Crowdstreet Review 2022: An Honest Review of the Largest Online Real Estate Investment Marketplace

Founded in 2013, Crowdstreet has become a leading platform connecting accredited investors with various real estate investments through its crowdfunding platform shortly after the JOBS Act allowed this business model.

I have personally invested in two brand new construction projects through Crowdstreet. The first is a student housing project in Texas in late 2019, and the second is a workforce housing project in another part of Texas in early 2021. Both expect annual returns (measured by internal rate of return) of more than 20% per year. This is slightly higher than the average realized return of 17.3% on the 63 trades completed on the platform, which should be to be expected for an investment considered to be on the higher end of the risk spectrum in the types of trades it offers.

Having invested through Crowdstreet and many other real estate investment firms for about 4 years, I can compare and contrast Crowdstreet and my experience with them well with other options for your real estate dollars.
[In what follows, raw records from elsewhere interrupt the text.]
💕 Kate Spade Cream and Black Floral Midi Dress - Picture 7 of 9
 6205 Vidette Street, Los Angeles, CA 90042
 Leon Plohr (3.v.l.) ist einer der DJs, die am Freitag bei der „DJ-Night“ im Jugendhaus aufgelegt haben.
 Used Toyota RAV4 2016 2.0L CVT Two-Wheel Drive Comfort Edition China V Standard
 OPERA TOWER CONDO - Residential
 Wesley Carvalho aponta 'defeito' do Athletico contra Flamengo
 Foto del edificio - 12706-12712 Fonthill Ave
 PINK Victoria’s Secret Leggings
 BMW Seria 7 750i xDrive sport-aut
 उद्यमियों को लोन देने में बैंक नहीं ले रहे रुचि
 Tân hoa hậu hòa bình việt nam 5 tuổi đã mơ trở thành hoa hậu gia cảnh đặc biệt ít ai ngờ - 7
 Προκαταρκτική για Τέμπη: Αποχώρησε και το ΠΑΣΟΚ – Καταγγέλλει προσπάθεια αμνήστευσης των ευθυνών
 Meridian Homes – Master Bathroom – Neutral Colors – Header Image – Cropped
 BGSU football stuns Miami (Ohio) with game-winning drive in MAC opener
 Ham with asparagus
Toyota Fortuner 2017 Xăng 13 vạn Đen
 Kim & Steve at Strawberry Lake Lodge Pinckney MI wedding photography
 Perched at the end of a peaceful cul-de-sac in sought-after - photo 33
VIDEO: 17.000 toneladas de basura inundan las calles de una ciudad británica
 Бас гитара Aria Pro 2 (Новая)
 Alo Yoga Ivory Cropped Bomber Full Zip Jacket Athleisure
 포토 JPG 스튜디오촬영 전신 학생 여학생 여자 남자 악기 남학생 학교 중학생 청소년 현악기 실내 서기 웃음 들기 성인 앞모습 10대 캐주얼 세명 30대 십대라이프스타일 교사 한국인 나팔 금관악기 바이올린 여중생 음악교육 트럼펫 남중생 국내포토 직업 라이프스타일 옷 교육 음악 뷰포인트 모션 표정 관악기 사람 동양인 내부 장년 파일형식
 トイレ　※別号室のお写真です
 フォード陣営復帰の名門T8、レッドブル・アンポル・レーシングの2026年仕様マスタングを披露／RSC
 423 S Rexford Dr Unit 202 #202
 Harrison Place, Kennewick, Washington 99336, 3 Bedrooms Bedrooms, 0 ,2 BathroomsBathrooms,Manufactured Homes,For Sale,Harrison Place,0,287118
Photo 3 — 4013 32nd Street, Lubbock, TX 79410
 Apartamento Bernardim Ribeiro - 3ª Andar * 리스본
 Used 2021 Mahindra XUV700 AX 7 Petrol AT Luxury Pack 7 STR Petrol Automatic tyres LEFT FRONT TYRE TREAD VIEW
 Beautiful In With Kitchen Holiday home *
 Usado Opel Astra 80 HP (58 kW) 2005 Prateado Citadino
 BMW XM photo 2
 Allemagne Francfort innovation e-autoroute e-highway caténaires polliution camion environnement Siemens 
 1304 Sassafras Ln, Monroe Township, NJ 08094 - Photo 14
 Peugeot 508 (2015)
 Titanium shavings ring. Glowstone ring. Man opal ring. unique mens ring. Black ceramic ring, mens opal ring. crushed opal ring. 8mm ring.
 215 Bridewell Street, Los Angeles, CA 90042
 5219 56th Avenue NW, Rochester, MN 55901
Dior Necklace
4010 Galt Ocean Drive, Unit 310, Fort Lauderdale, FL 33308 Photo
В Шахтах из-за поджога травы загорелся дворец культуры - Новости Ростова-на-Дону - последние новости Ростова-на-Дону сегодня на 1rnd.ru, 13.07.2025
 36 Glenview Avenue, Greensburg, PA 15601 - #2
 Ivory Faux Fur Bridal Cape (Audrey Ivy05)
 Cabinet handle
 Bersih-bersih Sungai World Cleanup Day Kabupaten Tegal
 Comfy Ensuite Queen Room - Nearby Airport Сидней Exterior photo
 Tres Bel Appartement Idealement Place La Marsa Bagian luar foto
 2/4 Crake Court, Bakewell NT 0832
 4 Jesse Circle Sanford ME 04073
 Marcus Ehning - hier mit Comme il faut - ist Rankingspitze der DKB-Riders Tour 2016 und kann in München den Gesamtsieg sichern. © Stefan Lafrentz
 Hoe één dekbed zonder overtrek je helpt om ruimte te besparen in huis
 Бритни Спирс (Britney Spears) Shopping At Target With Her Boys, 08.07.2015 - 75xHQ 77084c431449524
I can’t say I’m not biased; Crowdstreet is an advertiser and referral partner for Physician on FIRE.
Crowdstreet Transaction Process

While being the biggest doesn’t automatically make it the best, I feel that Crowdstreet stands out in both the variety and number of deals it offers.

Some real estate companies, such as Origin Investments and DLP, only provide funding to accredited investors. Others, including Fundrise, Groundfloor and Diversyfund, specialize in funds for non-accredited investors. These funds are a great way to get instant diversification in passive real estate, but you have little control over what types of investments you make and where.

Other platforms focus on different niches. PeerStreet lets you invest in personal loans for fixed and flip properties. Roofstock offers turnkey single-family rental properties for sale. Acretrader focuses on farmland.

The platforms most similar to Crowdstreet are probably EquityMultiple, Alpha Investing, and RealtyMogul. All three offer individual transactions and the occasional real estate fund.

What sets Crowdstreet apart is the number and breadth of deal types on offer.

In terms of variety, they offer investments in the following real estate asset classes: Office, Industrial, Hospitality, Senior Residential, Retail, Single Family, Flexible/Office, Multi-Asset, Mixed Use, Multi-Family, Storage, Flexible R&D, Cannabis, Franchise Schools, banknotes, medical offices, data centers, student housing, prefab homes, build-to-rent, parking lots, land, co-living, and vets.

It’s a continuous sentence stating that they have something to offer every potential real estate investor.

In terms of volume, the platform has funded more than 500 projects, with more than $2.4 billion invested in projects with a total investment of more than $21 billion. The transaction volume is roughly 4 times what RealtyMogul has invested in, and more than 10 times what EquityMultiple has done to date (as of fall 2021).

Again, bigger isn’t always better, but it’s clear that a large number of investors already trust Crowdstreet with their investment funds.

Where and how to invest in Crowdstreet

As you might imagine, Crowdstreet doesn’t take every transaction from them. In fact, 95% of them are rejected. If they or any platform gets deals from inexperienced operators on less favorable terms, their business won’t last long.

Their Capital Markets team details a three-step review process here.

First, they evaluate the sponsor, conduct a background check, review the sponsor’s past record, and rate it as Emerging, Experienced, Lifetime, or Enterprise.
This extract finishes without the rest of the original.